Sent from my iPhone using Tapatalk


----------



## simpletreasures (Apr 22, 2012)

Cool watch, glad you're happy with it!

Just out of curiosity, where did you come up with "Sea Hunter" as the model name?


----------



## lazernips (Mar 27, 2017)

Beautiful diver! I'll give you a rough breakdown of what I know about these watches and hope someone chimes in with more info because I would also like to know more about the evolution. From '66 to '69 they said Waterproof 666 Feet on the dial (manual wind) then from '70 to '74 they changed the hands and text on the dial to Water Resistant 666 Feet (three lines), then in '75 (this is were it gets foggy) they added the date and another change of hands followed closely by an automatic version (were they dropped the 666 rating, this is your version around '79ish?) and yet another hand change, then around '80 they dropped the lugs and re-added the 666 rating. From what I've found you have a ETA 2472 movement. This explanation is just an estimate from what I've seen around the internet and is in no way accurate haha. I have the first version, a '66. and that sparked my interest in the evolution of these beauties. Someone verify/correct this?


----------



## SAM2 (Apr 14, 2010)

It sold for $29.95 in 1970 and came on a black plastic Tropic strap that was hard as rock or it turned that way. Today the straps, if you can find one, sell for more that the original price of the watch. I like your steel bracelet better.


----------



## ccm123 (Feb 8, 2010)

Looks great!


----------



## powasky (Jun 25, 2011)

What bracelet is this? I'm looking for a bracelet for my '70 Sea Hunter.


----------



## Headster (Feb 9, 2019)

lazernips said:


> Beautiful diver! I'll give you a rough breakdown of what I know about these watches and hope someone chimes in with more info because I would also like to know more about the evolution. From '66 to '69 they said Waterproof 666 Feet on the dial (manual wind) then from '70 to '74 they changed the hands and text on the dial to Water Resistant 666 Feet (three lines), then in '75 (this is were it gets foggy) they added the date and another change of hands followed closely by an automatic version (were they dropped the 666 rating, this is your version around '79ish?) and yet another hand change, then around '80 they dropped the lugs and re-added the 666 rating. From what I've found you have a ETA 2472 movement. This explanation is just an estimate from what I've seen around the internet and is in no way accurate haha. I have the first version, a '66. and that sparked my interest in the evolution of these beauties. Someone verify/correct this?

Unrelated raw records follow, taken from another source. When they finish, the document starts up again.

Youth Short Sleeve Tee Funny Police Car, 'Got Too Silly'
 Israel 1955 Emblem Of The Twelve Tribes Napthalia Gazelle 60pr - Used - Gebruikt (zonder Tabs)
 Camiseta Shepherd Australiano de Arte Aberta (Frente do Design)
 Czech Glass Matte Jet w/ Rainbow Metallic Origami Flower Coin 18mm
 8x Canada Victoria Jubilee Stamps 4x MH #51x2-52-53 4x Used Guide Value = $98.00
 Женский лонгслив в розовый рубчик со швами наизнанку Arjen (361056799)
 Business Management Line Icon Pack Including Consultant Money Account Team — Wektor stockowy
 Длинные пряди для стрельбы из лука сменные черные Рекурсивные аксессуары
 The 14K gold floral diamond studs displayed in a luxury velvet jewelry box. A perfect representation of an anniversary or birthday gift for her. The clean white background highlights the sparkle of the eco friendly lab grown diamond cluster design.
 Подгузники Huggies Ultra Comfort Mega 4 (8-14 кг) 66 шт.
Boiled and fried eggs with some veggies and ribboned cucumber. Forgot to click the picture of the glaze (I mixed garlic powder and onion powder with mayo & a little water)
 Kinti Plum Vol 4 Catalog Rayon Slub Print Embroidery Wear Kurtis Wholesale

You seem to know a lot about these watches. Can you point me to any sources where I can learn more? I've been trying to pin down the date on a very similar model. Thanks!

Sent from my iPhone using Tapatalk


----------



## WichitaViajero (Feb 22, 2013)

Absolutely a gem! Congrats on your find! I love the hour hand


----------



## Headster (Feb 9, 2019)

SAM2 said:


> It sold for $29.95 in 1970 and came on a black plastic Tropic strap that was hard as rock or it turned that way. Today the straps, if you can find one, sell for more that the original price of the watch. I like your steel bracelet better.


This particular variant (reference 49482) was sold for $59.95 in 1969. If you look at the movement, I bet it is stamped M9 (indicating 1969). The dial is marked water-resistant as watch manufacturers could no longer market their watches as waterproof after a 1968 ruling.

Sent from my iPhone using Tapatalk


----------



## hkspwrsche (Mar 3, 2007)

powasky said:


> What bracelet is this? I'm looking for a bracelet for my '70 Sea Hunter.


Didn't see this answered but, I found bracelets of the aftermarket type from the usual places work fine. I went with jubilee.


----------



## klokketor (Mar 22, 2020)

Mine says:
Caravelle
AUTOMATIC
WATERPROOF
666 FEET

It does not have the M or N on the backside. What year is it from?


----------



## dannyranch (Mar 26, 2020)

Headster said:


> This particular variant (reference 49482) was sold for $59.95 in 1969. If you look at the movement, I bet it is stamped M9 (indicating 1969). The dial is marked water-resistant as watch manufacturers could no longer market their watches as waterproof after a 1968 ruling.
> 
> Sent from my iPhone using Tapatalk


Wondering about the ref "49482" for this. I can't find anything on this specific reference. Do you have the ad? I was under the impression that this is a ref 665-1. Also trying to unpack these glorious divers.


----------



## dannyranch (Mar 26, 2020)

dannyranch said:


> Wondering about the ref "49482" for this. I can't find anything on this specific reference. Do you have the ad? I was under the impression that this is a ref 665-1. Also trying to unpack these glorious divers.


Okay here's my analysis. 
The "49482" should speak to the no-date "devil diver" with dauphine hands (left pic), while its sister watch with baton hands and lollipop sec. hand is referenced 41585 (see tag on right box-pic). I can't personally confirm the 49482 ref.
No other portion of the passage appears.